*** PROVIDED DATA ***
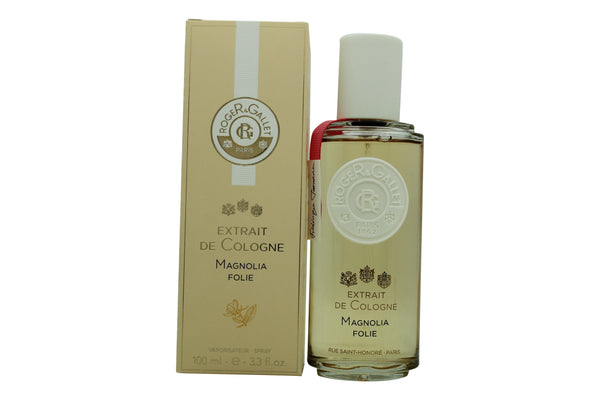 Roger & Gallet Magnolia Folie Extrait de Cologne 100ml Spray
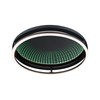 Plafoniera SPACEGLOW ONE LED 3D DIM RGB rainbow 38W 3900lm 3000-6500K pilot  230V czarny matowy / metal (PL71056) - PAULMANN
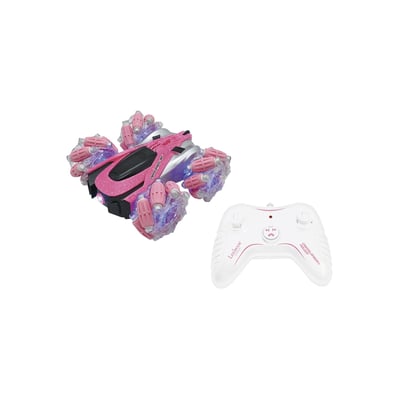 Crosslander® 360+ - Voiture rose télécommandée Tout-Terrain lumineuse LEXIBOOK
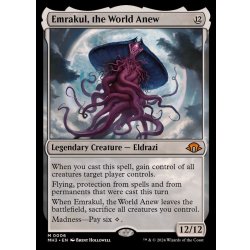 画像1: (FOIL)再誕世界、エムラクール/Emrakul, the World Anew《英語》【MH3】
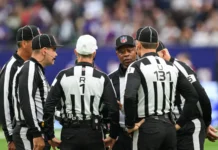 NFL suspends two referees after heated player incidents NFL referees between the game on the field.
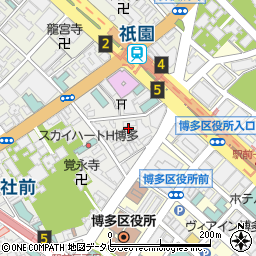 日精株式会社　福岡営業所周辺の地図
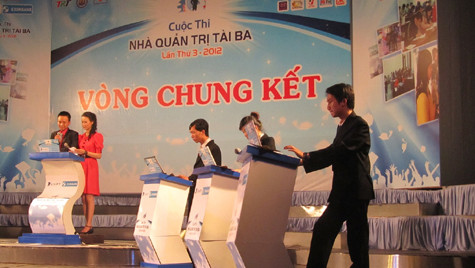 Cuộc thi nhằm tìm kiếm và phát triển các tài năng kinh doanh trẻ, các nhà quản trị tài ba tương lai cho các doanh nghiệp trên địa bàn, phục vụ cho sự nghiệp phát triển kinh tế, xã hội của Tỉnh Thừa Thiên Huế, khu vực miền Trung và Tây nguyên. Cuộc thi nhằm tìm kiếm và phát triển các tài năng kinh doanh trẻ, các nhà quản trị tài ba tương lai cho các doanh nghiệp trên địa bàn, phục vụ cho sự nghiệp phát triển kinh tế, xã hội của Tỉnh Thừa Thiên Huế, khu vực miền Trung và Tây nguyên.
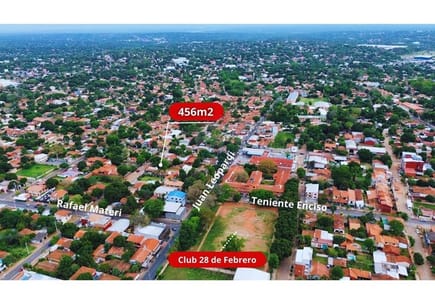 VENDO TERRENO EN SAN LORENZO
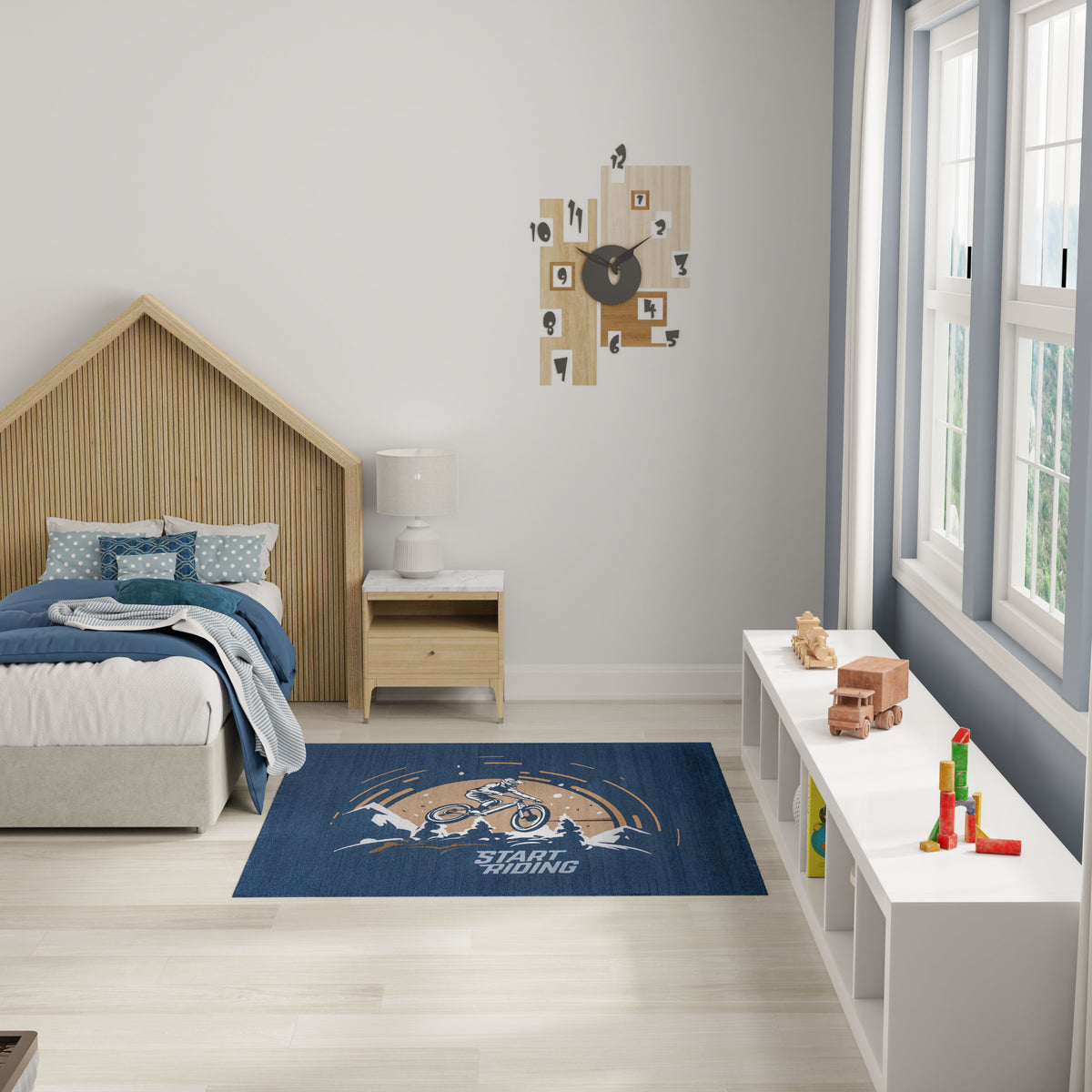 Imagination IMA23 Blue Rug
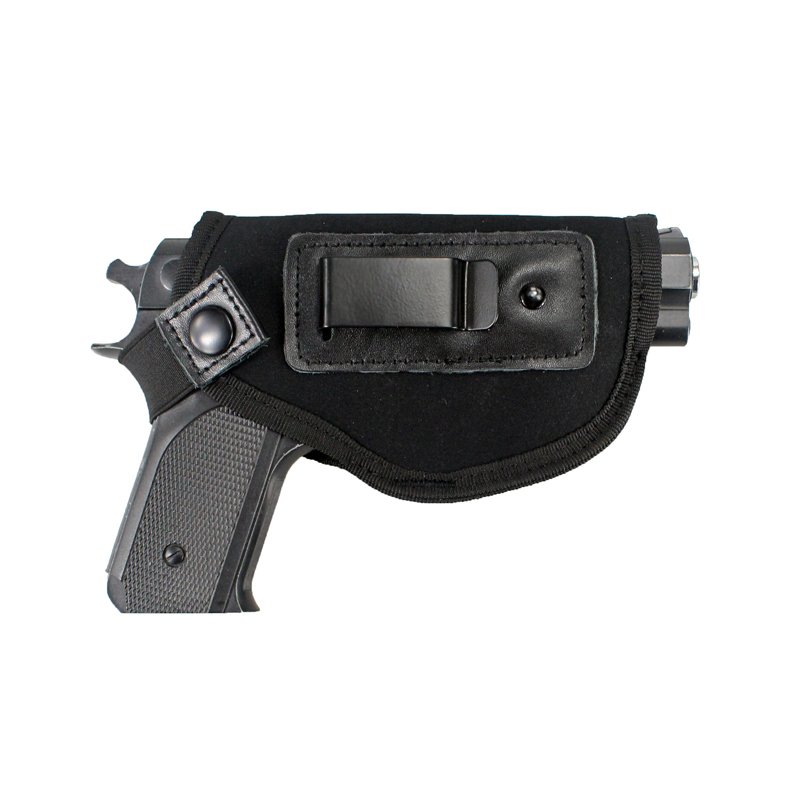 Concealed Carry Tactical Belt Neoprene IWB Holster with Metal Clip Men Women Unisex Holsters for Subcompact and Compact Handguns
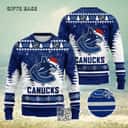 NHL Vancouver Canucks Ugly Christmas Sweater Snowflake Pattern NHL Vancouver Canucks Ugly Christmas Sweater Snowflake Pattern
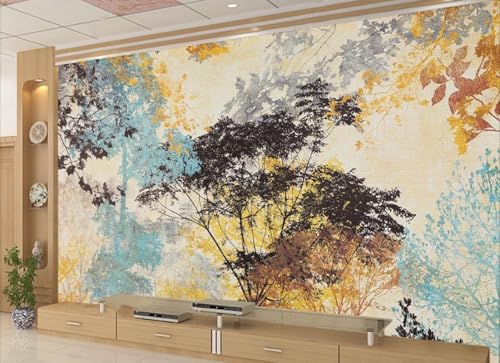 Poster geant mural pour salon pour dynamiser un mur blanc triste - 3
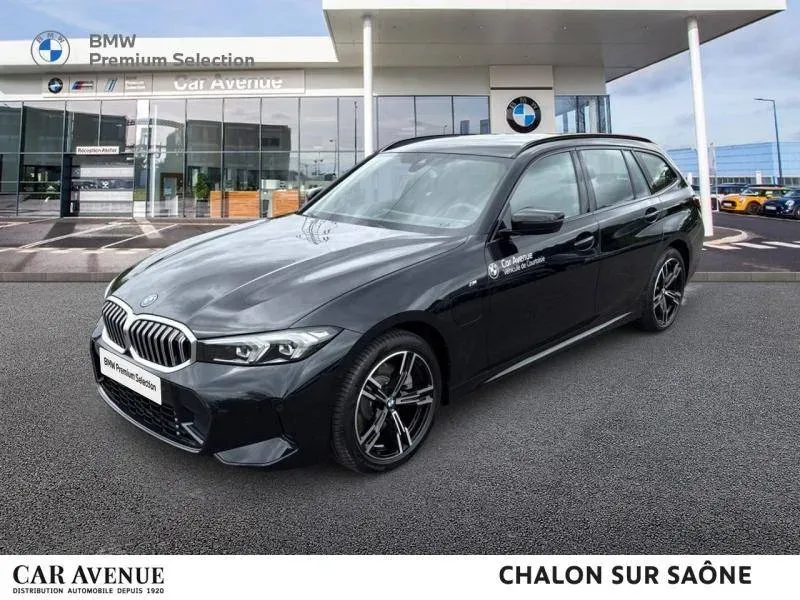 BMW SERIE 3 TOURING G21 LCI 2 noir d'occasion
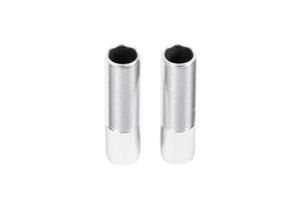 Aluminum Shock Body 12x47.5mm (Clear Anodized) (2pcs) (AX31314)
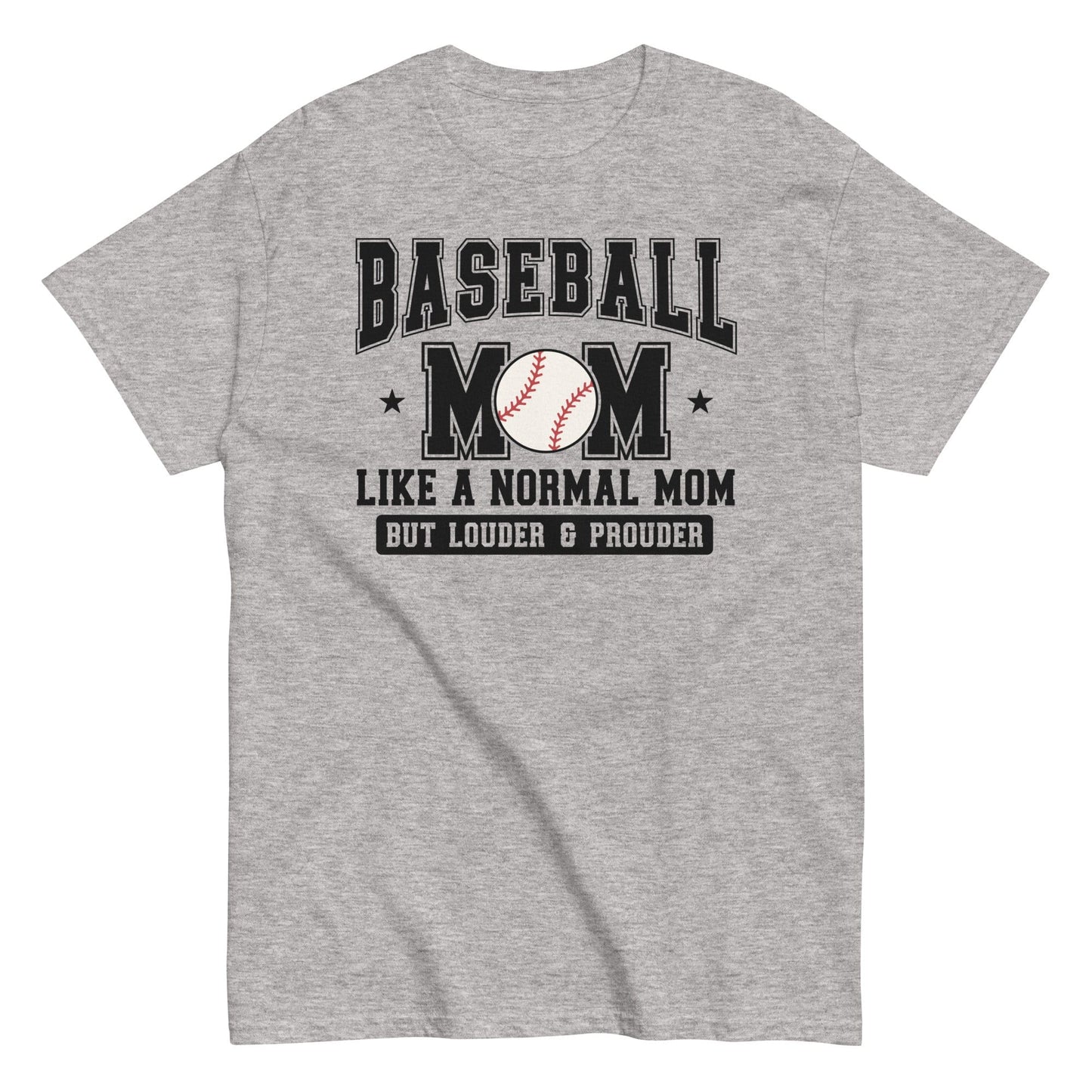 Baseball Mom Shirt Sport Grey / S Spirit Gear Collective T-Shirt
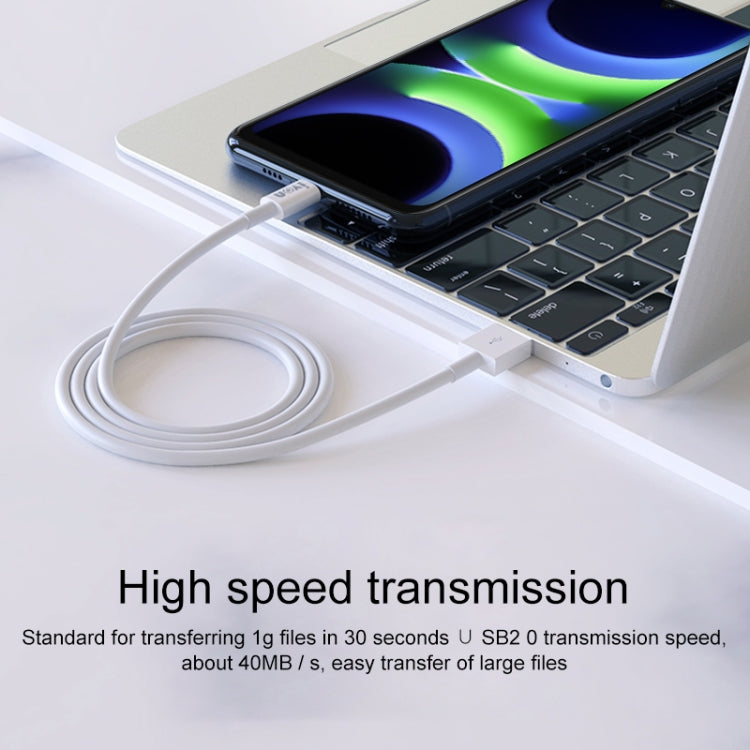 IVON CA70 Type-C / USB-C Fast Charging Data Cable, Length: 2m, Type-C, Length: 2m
*** End of PROVIDED DATA ***
**HOW TO COMPLETE THIS TASK:**
Please give back exactly the lines from the first line of the records above through the line containing "日精株式会社　福岡営業所周辺の地図", only those and both included, with the pictures removed.

**WRITTEN REPLY:**
 Roger & Gallet Magnolia Folie Extrait de Cologne 100ml Spray
 Plafoniera SPACEGLOW ONE LED 3D DIM RGB rainbow 38W 3900lm 3000-6500K pilot  230V czarny matowy / metal (PL71056) - PAULMANN
 Crosslander® 360+ - Voiture rose télécommandée Tout-Terrain lumineuse LEXIBOOK
 画像1: (FOIL)再誕世界、エムラクール/Emrakul, the World Anew《英語》【MH3】
 NFL suspends two referees after heated player incidents NFL referees between the game on the field.
 日精株式会社　福岡営業所周辺の地図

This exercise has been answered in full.